━━━ MATERIAL PROVIDED ━━━

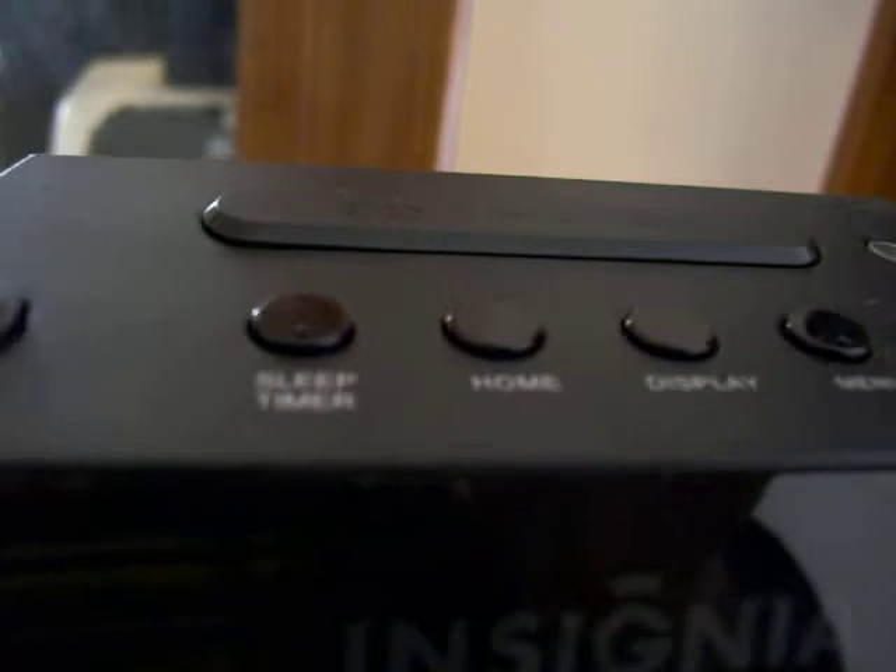Now I am going to use some of the buttons on the top: play, pause, the navigation button, back, menu, display, home, sleep timer, volume, and power.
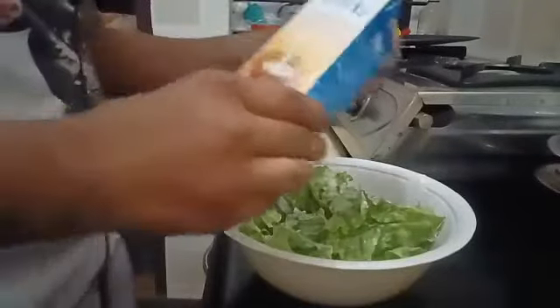Then I'm adding some cream — I'm going to add fresh cream.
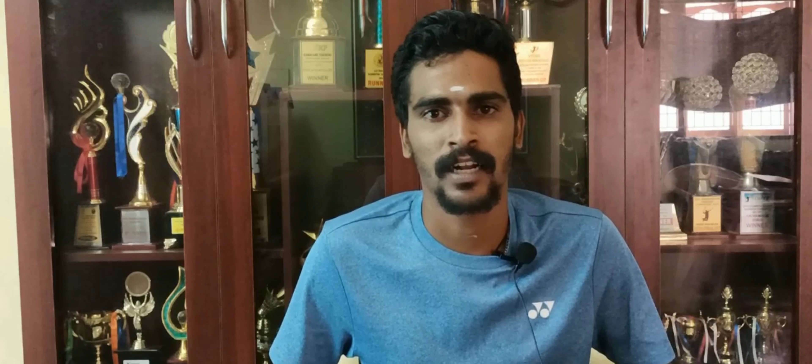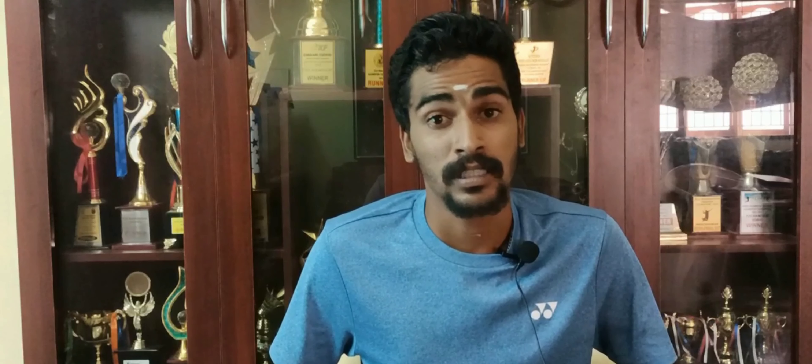This video will be useful for you to select rackets. I can recommend rackets for particular categories, particular brands, and particular price ranges. You can send me a personal message to my WhatsApp number. If you want to join our family, you can see the link in the description of our WhatsApp group. If you want updates on this video, please comment in the comments below. Stay tuned. Thank you.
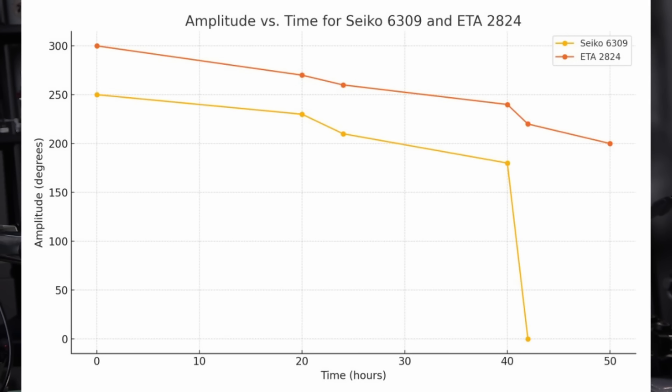Swiss movements are designed to hold amplitude almost all the way through their power reserve. Seiko's amplitude tends to taper off more gradually before it plummets. When fully wound you might get around 250 degrees, and by hour 24 you might be around 210 — but as the mainspring winds down past that, the bottom just drops out. Of course, you can't forget Seiko's magic lever. It winds very fast and efficiently with just a little wrist motion, so even though amplitude will eventually taper near the end of the power reserve, most people never notice because it's always topping itself out throughout the day.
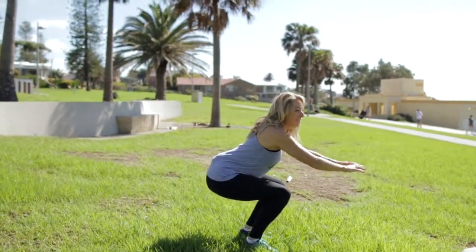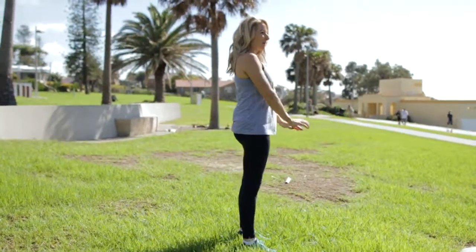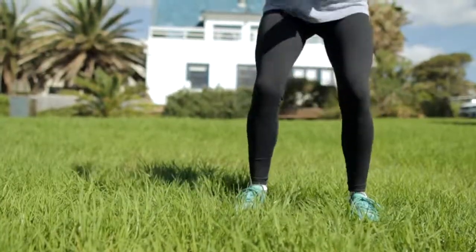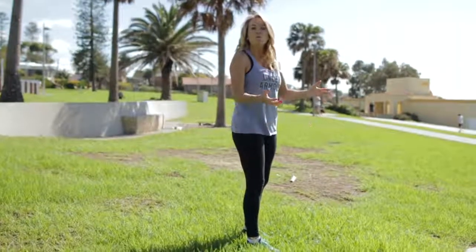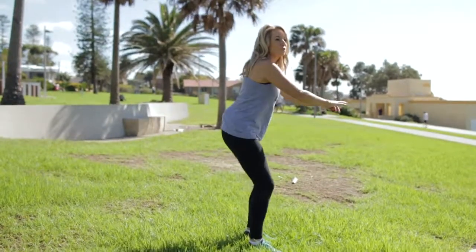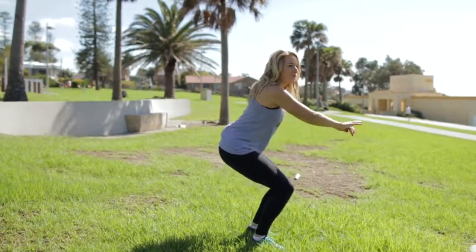We're going to sit all the way down and straight back up — we're going to do 10 of those. Once you've done 10, we're going to get straight into 10 pulsing squats, which is all the way down, halfway up.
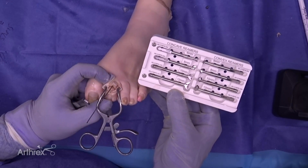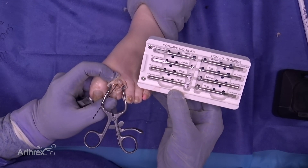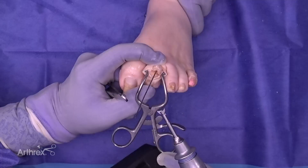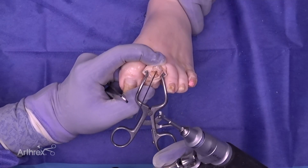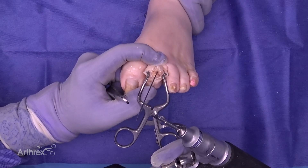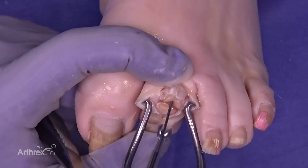We're able to utilize the concave and convex reamers, similar to the first metatarsal phalangeal joint, to prepare the fusion site in the second digit. Another unique feature is the end, which is a three-prong design, making it a bit easier to introduce down to the articular surface on the head of the proximal phalanx.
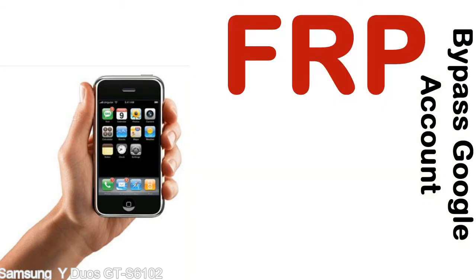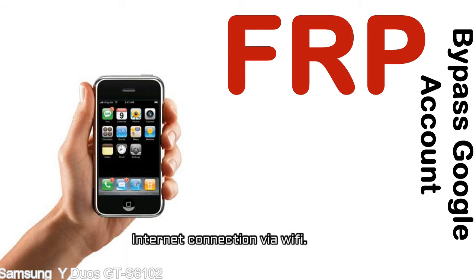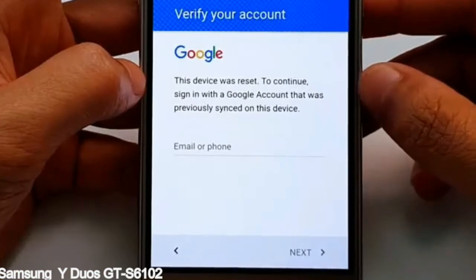Before starting: first, make sure that your device is well charged. Ideally, the battery level should be around 60 to 70% — the more the better. Second, internet connection via WiFi. Here is a step-by-step guide on how to bypass the Google account on your Samsung Galaxy device.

━━━

- _YOUR OBJECTIVE_
Excluding the images, return each record above precisely as written.

- _EXERCISE ANSWER_
Now I am going to use some of the buttons on the top: play, pause, the navigation button, back, menu, display, home, sleep timer, volume, and power.
Then I'm adding some cream — I'm going to add fresh cream.
This video will be useful for you to select rackets. I can recommend rackets for particular categories, particular brands, and particular price ranges. You can send me a personal message to my WhatsApp number. If you want to join our family, you can see the link in the description of our WhatsApp group. If you want updates on this video, please comment in the comments below. Stay tuned. Thank you.
Swiss movements are designed to hold amplitude almost all the way through their power reserve. Seiko's amplitude tends to taper off more gradually before it plummets. When fully wound you might get around 250 degrees, and by hour 24 you might be around 210 — but as the mainspring winds down past that, the bottom just drops out. Of course, you can't forget Seiko's magic lever. It winds very fast and efficiently with just a little wrist motion, so even though amplitude will eventually taper near the end of the power reserve, most people never notice because it's always topping itself out throughout the day.
We're going to sit all the way down and straight back up — we're going to do 10 of those. Once you've done 10, we're going to get straight into 10 pulsing squats, which is all the way down, halfway up.
We're able to utilize the concave and convex reamers, similar to the first metatarsal phalangeal joint, to prepare the fusion site in the second digit. Another unique feature is the end, which is a three-prong design, making it a bit easier to introduce down to the articular surface on the head of the proximal phalanx.
Before starting: first, make sure that your device is well charged. Ideally, the battery level should be around 60 to 70% — the more the better. Second, internet connection via WiFi. Here is a step-by-step guide on how to bypass the Google account on your Samsung Galaxy device.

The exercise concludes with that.